La sfida allora è tornare a pensare. Leggere, indagare, dubitare, verificare. Uscire dalla superficialità dello scrolling, per entrare nella profondità dello sguardo cristiano sulla realtà. Un cristiano che non ragiona è un cristiano che ha smesso di cercare Dio, perché Dio è Verità, e chi Lo cerca davvero non si accontenta mai di una didascalia.
Rialzare lo sguardo, rallentare il passo, rieducare il cuore alla verità. Questo è il compito. Anche se costa. Anche se richiede tempo. Ma solo così la realtà smetterà di essere manipolata, e la verità tornerà ad essere amata.

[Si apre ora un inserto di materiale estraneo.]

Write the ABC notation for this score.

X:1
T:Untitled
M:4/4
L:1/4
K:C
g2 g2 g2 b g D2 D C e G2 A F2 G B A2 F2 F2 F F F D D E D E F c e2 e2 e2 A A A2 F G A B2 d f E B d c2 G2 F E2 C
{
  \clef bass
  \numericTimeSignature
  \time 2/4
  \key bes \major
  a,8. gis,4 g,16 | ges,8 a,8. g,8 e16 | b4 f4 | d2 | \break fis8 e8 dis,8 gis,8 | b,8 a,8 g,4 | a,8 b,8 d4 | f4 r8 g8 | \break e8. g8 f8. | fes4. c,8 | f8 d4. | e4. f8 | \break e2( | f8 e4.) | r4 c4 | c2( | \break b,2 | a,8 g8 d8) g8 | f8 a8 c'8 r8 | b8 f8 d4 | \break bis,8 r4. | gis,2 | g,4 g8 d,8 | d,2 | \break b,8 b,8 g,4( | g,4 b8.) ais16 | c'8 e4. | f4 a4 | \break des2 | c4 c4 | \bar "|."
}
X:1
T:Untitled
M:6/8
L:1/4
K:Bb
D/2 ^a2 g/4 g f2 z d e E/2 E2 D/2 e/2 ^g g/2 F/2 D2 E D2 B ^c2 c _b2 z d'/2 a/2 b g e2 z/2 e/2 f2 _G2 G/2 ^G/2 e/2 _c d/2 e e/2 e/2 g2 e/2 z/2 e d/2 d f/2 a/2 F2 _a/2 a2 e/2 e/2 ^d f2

E in questo compito, non siamo soli. Abbiamo una Madre. Santa Maria, Madre della Verità, insegnaci a pensare, a pregare, a discernere. Donaci la grazia di amare la verità più di noi stessi, e di camminare nella luce del tuo Figlio, unico Verbo che salva. Mentre il mondo urla titoli, Tu sussurraci la Parola. Mentre tutto si confonde, Tu custodiscici nel tuo manto. E mentre tanti si perdono nella percezione, guidaci Tu verso la verità che libera. Amen.